Efficient electrocatalysts are hidden in materials composed of five or more elements, which are needed, for example, for the production of green hydrogen. A team from Ruhr University Bochum (RUB) and the University of Copenhagen has developed an efficient method for identifying promising candidates in the countless possible materials. To do this, the researchers combined experiments and simulation. They report in the journal Advanced Energy Materials, January 5, 2022.

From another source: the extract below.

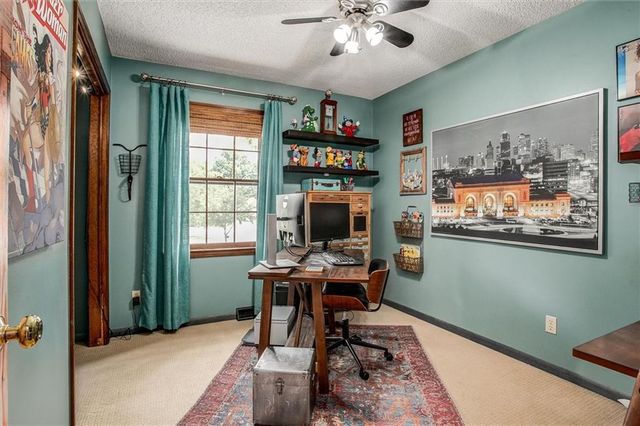 507 NE Karapat Drive, Kansas City, MO 64155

Millions of systems are conceivable
High-entropy alloys, or HEAs, are chemically complex materials consisting of mixtures of five or more elements. The interesting thing about them is that they offer completely new possibilities for the development of electrocatalysts. These are urgently needed to make energy conversion processes more efficient, such as for the production and use of green hydrogen. "The problem with HEAs is that, in principle, millions of high-entropy systems are possible, and each system involves tens of thousands of different compositions," explains Prof. Dr. Alfred Ludwig, who heads the Materials Discovery and Interfaces chair at RUB. Conventional methods and traditional high-throughput procedures can hardly cope with this complexity.
Five sources, six constellations
In their work, the researchers describe a new method to help identify promising high-entropy alloys for electrocatalysis. In the first step, the team developed a way to produce as many potential compositions as possible. To do this, they used a sputtering system that simultaneously applies the five starting materials involved to a carrier.
The RUB electrochemistry team then examined the carriers coated in this way for their electrocatalytic activity and stability. To get even closer to the composition of the materials, the team matched these data from the experiment with a large simulation data set provided by the researchers at the University of Copenhagen.